Pasca, WWW 2007

From Cohen Courses
Revision as of 01:44, 27 October 2010 by PastStudents (talk | contribs)
Jump to navigationJump to search

Citation

Pasca M. 2007. Organizing and Searching the World Wide Web of Facts Step Two: Harnessing the Wisdom of the Crowds. In Proceedings of the 16th World Wide Web Conference (WWW-07). pages 101-110, Banff, Canada.

Online version

WWW-07

Summary

The first step towards the acquisition of an extensive World Wide Web of facts which can be achieved by mining the from the Web documents.
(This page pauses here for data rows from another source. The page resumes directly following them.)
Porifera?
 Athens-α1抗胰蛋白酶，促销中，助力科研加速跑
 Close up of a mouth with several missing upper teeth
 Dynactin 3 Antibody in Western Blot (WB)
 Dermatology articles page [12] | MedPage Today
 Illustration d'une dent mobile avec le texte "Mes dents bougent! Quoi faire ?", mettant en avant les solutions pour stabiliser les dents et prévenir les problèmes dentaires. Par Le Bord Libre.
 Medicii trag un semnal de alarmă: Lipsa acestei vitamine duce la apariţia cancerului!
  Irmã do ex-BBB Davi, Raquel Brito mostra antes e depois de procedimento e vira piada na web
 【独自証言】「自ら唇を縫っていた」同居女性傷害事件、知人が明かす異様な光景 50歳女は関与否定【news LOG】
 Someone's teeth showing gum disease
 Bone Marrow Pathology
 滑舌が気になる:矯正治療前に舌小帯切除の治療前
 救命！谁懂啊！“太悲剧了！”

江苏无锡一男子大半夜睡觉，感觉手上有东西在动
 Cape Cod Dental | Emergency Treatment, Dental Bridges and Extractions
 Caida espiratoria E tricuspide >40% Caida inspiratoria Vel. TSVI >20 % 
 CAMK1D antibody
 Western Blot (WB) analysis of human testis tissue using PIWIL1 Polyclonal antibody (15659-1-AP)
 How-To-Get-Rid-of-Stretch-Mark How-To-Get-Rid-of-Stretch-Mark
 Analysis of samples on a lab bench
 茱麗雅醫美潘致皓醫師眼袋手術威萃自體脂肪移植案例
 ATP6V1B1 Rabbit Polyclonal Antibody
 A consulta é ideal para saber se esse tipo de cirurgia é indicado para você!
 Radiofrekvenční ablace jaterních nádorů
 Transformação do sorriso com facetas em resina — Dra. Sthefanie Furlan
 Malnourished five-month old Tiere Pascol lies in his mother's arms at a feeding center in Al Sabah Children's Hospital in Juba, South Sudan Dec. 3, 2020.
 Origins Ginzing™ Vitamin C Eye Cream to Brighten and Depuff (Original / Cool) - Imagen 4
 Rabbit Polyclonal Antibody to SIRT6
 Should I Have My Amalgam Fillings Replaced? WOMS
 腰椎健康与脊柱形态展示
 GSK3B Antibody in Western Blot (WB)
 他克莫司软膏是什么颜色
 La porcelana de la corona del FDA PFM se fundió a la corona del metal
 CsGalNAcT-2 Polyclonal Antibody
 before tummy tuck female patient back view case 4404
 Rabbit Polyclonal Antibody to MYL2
This step has been described in this paper. In order to get the most of it from the step 1, the authors suggest to get the types of facts and class attributes of common interest from people in the form of Web search query logs. Therefore the author introduces step 2 which is mining the query logs in order to get more attributes for a target class by using 5 seed attributes or 10 seed instances.

This paper

Mining queries vs documents

  • Amount of text : On the average a query contains only 2 words, on the other hand documents may contain thousands. In theory more data means better results.
  • Ambiguity : While web documents have clear contents, most of the web queries have ambiguity problems due to lack of grammatical structure, typos and misspellings. However, since the most search engines do not provide interactive search session, web users try to give clear and unambiguous queries to get their information fast.
  • Capturing human knowledge : Since people form queries by using their common sense knowledge, queries are a good way of capturing this knowledge.